■ **Dataset items**
——————

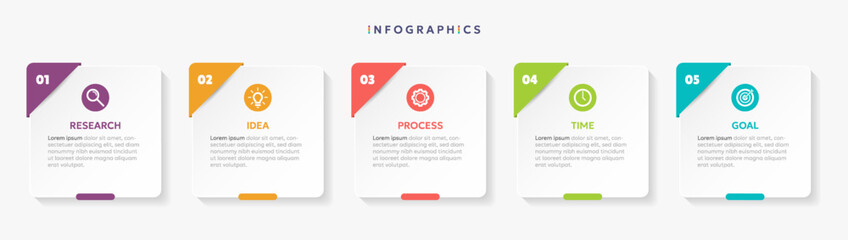 Modern business infographic template with 5 options or steps icons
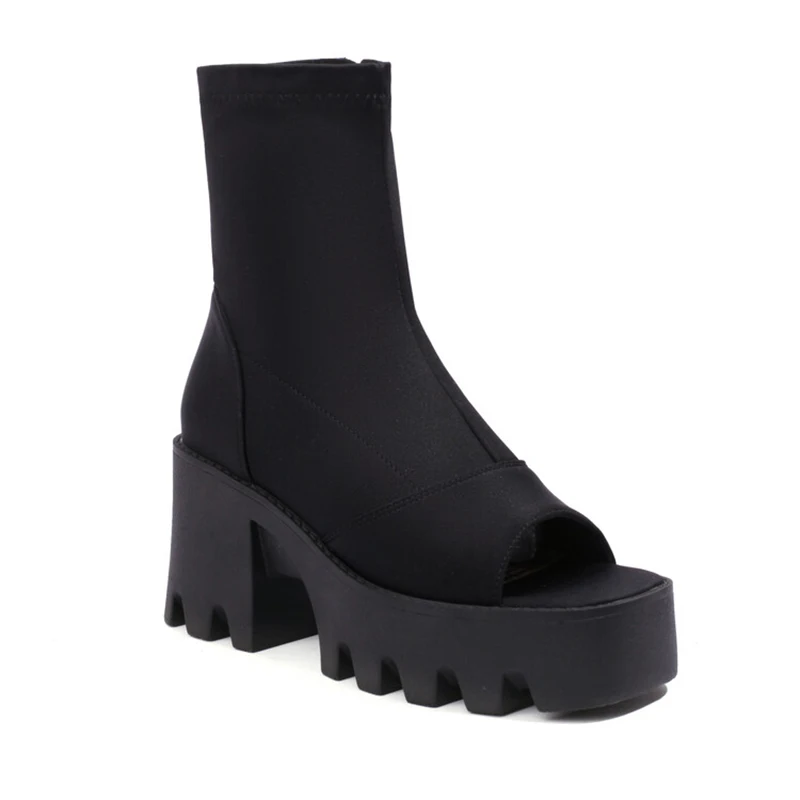 Kolnoo Handmade 2024 New Arrival Summer Style Womens Boots Open-toe Thick Sole Three Colors Evening Fashion Party Hot Sale Shoes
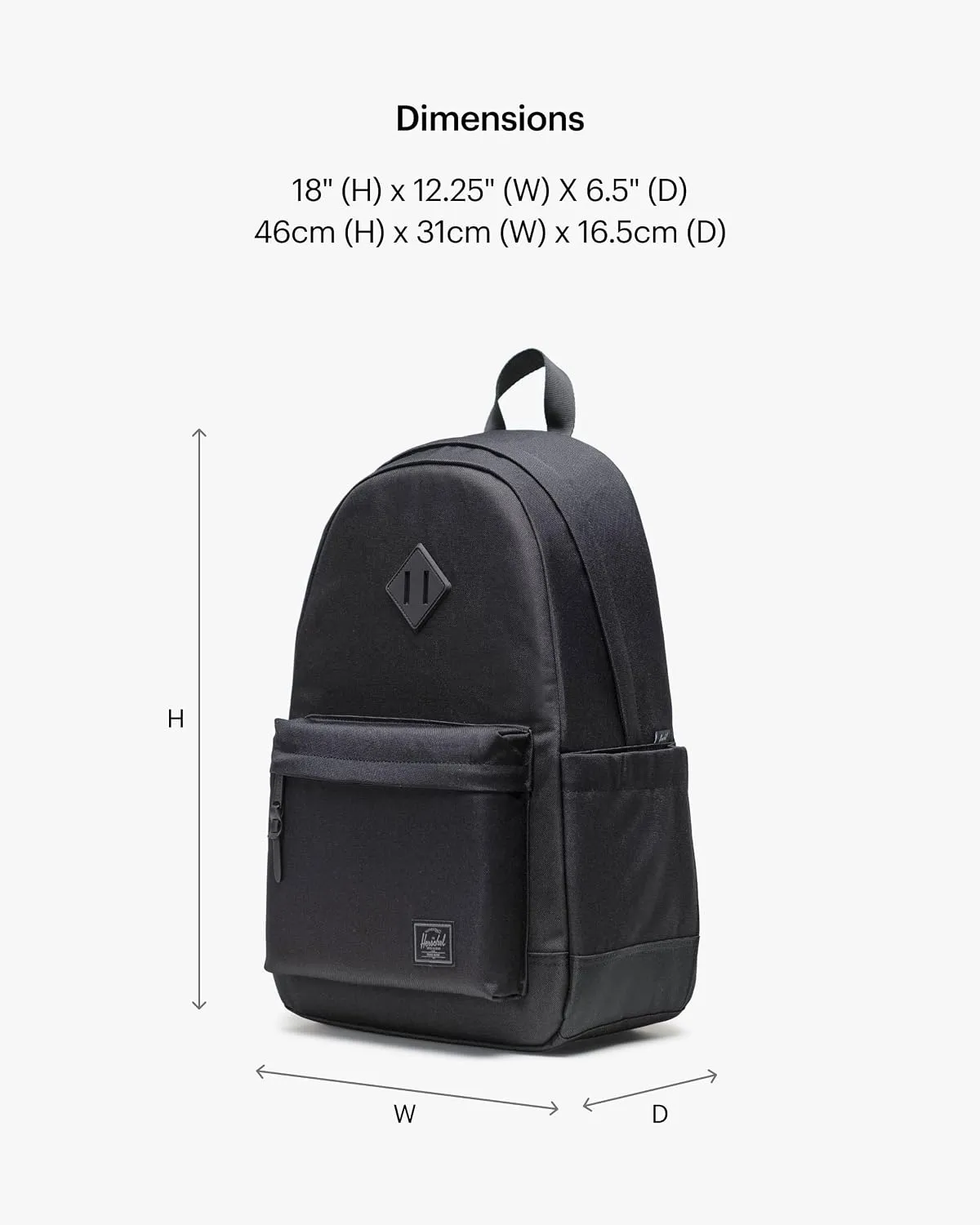 Herschel Heritage rugzak zwart Tonal canvas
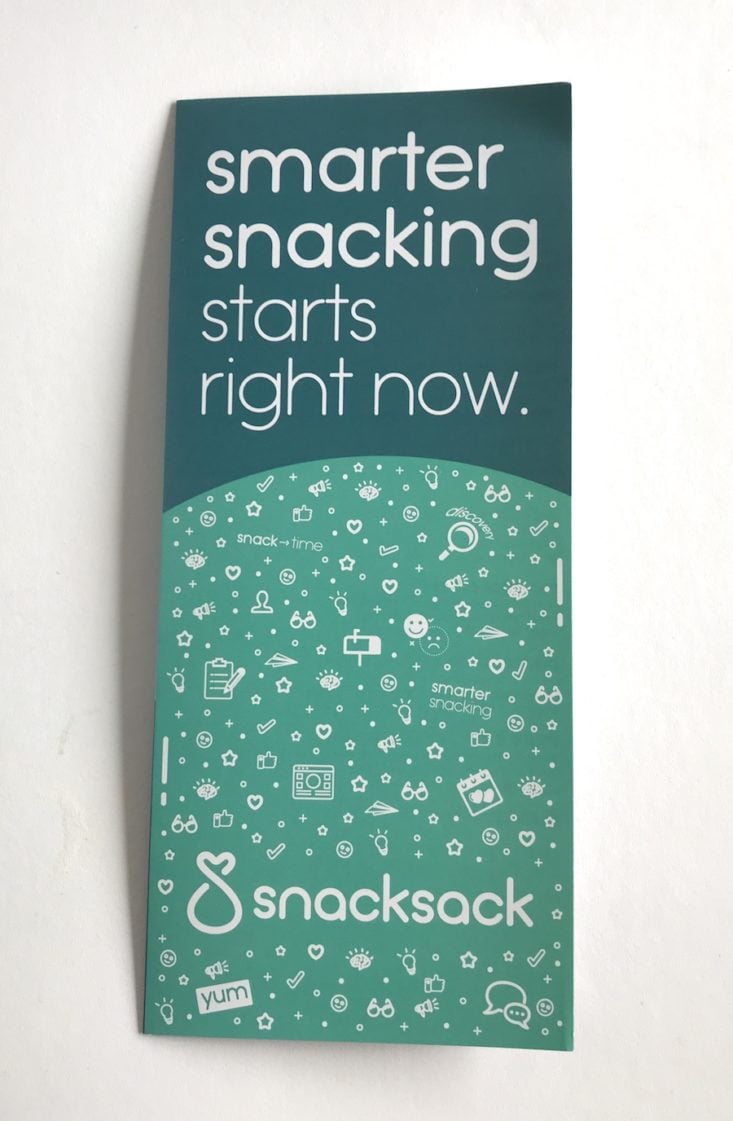 SnackSack October 2018 - Info Card Front 1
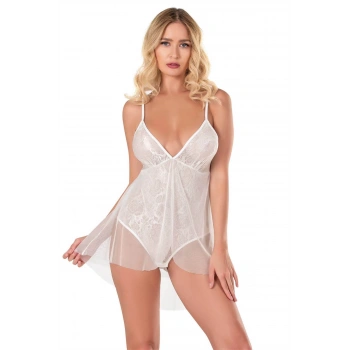 Secretsita Ekru Jakarlı Bodysuit Gecelik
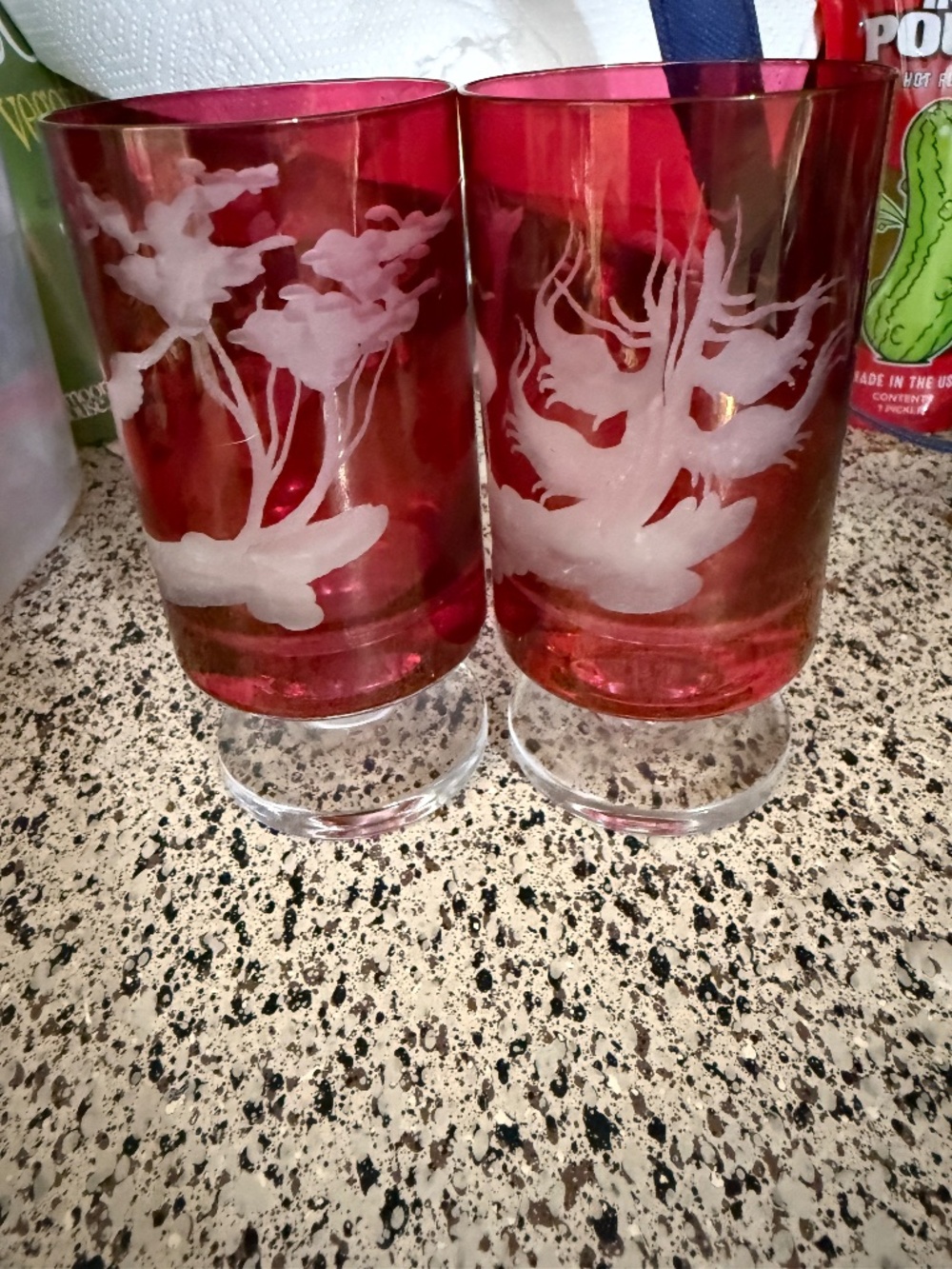 Two Vintage Riedel Tyrol Etched Tumblrs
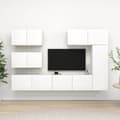 Miniatyrbild 1 av 2: Tv-skåp 6 delar vit konstruerat trä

——————

■ **THE TASK**
Restate each entry word for word, leaving out any pictures.

■ **ANSWER BOX**
 Modern business infographic template with 5 options or steps icons
 Kolnoo Handmade 2024 New Arrival Summer Style Womens Boots Open-toe Thick Sole Three Colors Evening Fashion Party Hot Sale Shoes
 Herschel Heritage rugzak zwart Tonal canvas
 SnackSack October 2018 - Info Card Front 1
 Secretsita Ekru Jakarlı Bodysuit Gecelik
 Two Vintage Riedel Tyrol Etched Tumblrs
 Miniatyrbild 1 av 2: Tv-skåp 6 delar vit konstruerat trä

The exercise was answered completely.